A film star will captain Afghanistan in this summer’s ten-country World Cup - or, at any rate, a protagonist in the best film ever made about cricket, Out of the Ashes.
Afghanistan appoint Gulbadin Naib as captain for Cricket World Cup
خبرگزاری Herat Afghan Voice Agency(AVA) , 22 Apr 2019 - 22:14
A film star will captain Afghanistan in this summer’s ten-country World Cup - or, at any rate, a protagonist in the best film ever made about cricket, Out of the Ashes.
AVA- In the documentary featuring Afghanistan’s rise from nowhere, Gulbadin Naib was the youngest player - and now, aged 28, has been appointed captain of their World Cup squad.
Only 15 years ago cricket was not played in war-torn Afghanistan, only by Afghans in refugee camps in Pakistan. But by hitting the ball as hard as they can, and bowling it as fast as they can or spinning it as hard as they can, Afghanistan’s players qualified for the forthcoming World Cup.
Naib was focused on body-building, in the most rudimentary of gyms in Kabul, when he makes his first appearance in the film. An admirer looks at Naib’s pectorals and exclaims in slightly broken English: “I like your body very much!”
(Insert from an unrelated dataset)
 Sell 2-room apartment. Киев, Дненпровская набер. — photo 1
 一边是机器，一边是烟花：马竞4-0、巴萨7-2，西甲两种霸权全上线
When Afghanistan were promoted by the ICC to division five of their World Championship, they were pitted against the likes of Japan, Jersey and Singapore in a tournament in Jersey. This is the first visit to the west for most of Afghanistan’s players, and Naib is captured in open-mouthed amazement in a street watching young women walk past with bare midriffs instead of burkas.
Helping to power Afghan cricket from nowhere to the world’s top ten has been the financial incentive: few other ways to earn a decent legal living at home. In any other country Naib might have drifted out of the sport after being dropped from the national side, as an all-rounder who was useful but not quite a match winner as either batsman or seamer; but he was the breadwinner for his family, as he said in the film, because his father was unemployed, his mother had hepatitis and his sister disabilities.
Back in the national side for the 2012 T20 World Cup finals in Sri Lanka, Naib hit Graeme Swann for 16 in one over, and 44 - the highest score by a number eight in T20 internationals to that point - off 32 balls against England. They had reduced Afghanistan to 26 for eight but Naib saved face.
Another character in their squad is Hamid Hasan, now 31, and one of the fastest bowlers in world cricket, clocking over 140 kph, until he damaged his knee diving into a boundary fence playing against England in Dubai in 2012.